Par Mathias Delaloye, président de la Chambre valaisanne d'agriculture, membre du Comité NON au salaire minimum valaisan

Le 29 novembre, nous voterons sur l'initiative pour un salaire minimum: 22 francs de l'heure pour tous les salariés du canton. Pour tous? Non. Pour l'agriculture, les initiants prévoient déjà une exception: 18 francs. Ce détail mérite toute notre attention, car il constitue un aveu. Les initiants savent eux-mêmes que leur salaire unique, dicté par la loi, ne fonctionne pas pour nos exploitations.

Mais l'exception ne résout pas le problème, elle ne fait que le déplacer. Même à 18 francs de l'heure, un salaire imposé par l'État, rigide et uniforme, frappe durement nos exploitations familiales. Celui qui récolte les abricots, soigne les vignes ou travaille à l'alpage le sait: l'agriculture vit au rythme des pics saisonniers, de la météo, de marges souvent quasi inexistantes. Une loi rigide ne connaît ni le gel ni la grêle, ni la pression des récoltes ni les prix du marché.

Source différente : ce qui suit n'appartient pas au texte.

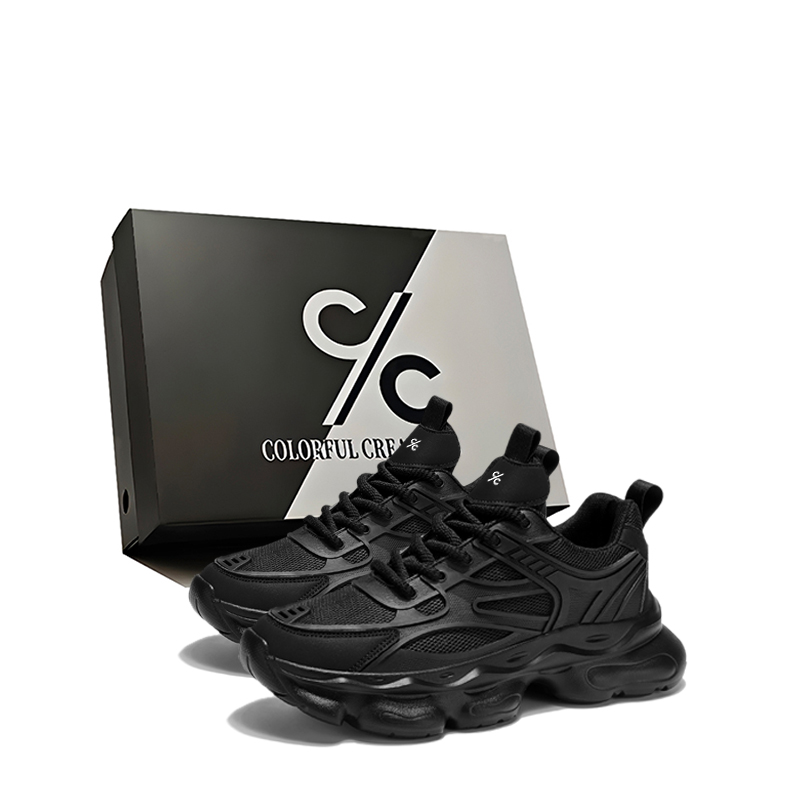 Нескользящие, износостойкие, дышащие, увеличивающие рост низкие кроссовки на массивной подошве для мужчин Colorful Creations, Black
Нескользящие, износостойкие, дышащие, увеличивающие рост низкие кроссовки на массивной подошве для мужчин Colorful Creations, Black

Les conséquences sont prévisibles. Les exploitations qui ne pourront plus se permettre de payer leurs employés vont mécaniser, abandonner des parcelles ou cesser leur activité. Le travail ne disparaît pas, il s'en va: vers d'autres cantons, vers l'étranger, vers les produits d'importation. Au final, les perdants sont précisément ceux que la loi prétend protéger: les saisonniers, les apprentis, les collaborateurs de nos exploitations.

Nos jeunes seraient parmi les premières victimes. Quel signal envoyons-nous à un apprenti agriculteur ou à une apprentie viticultrice, quand un emploi sans qualification rapporte d'emblée le salaire fixé par la loi? Pourquoi terminer trois ans de formation? À Genève, depuis l'introduction du salaire minimum, les jeunes ont vu leurs chances de retrouver un emploi chuter de 11%. Voulons-nous vraiment cela pour notre canton de tradition formatrice?

Or, nous disposons depuis longtemps d'un meilleur système: le partenariat social. Les salaires et les conditions de travail se négocient branche par branche, entre employeurs et employés, adaptés à la réalité de chaque secteur, y compris dans l'agriculture avec son contrat-type de travail. 28 conventions collectives et contrats-types couvrent en Valais la quasi-totalité des branches concernées. Le résultat: 3,1% de chômage dans le canton, 1,3% dans le Haut-Valais, contre plus de 4,5% dans les cantons romands qui ont légiféré. Sans loi. Avec du bon sens.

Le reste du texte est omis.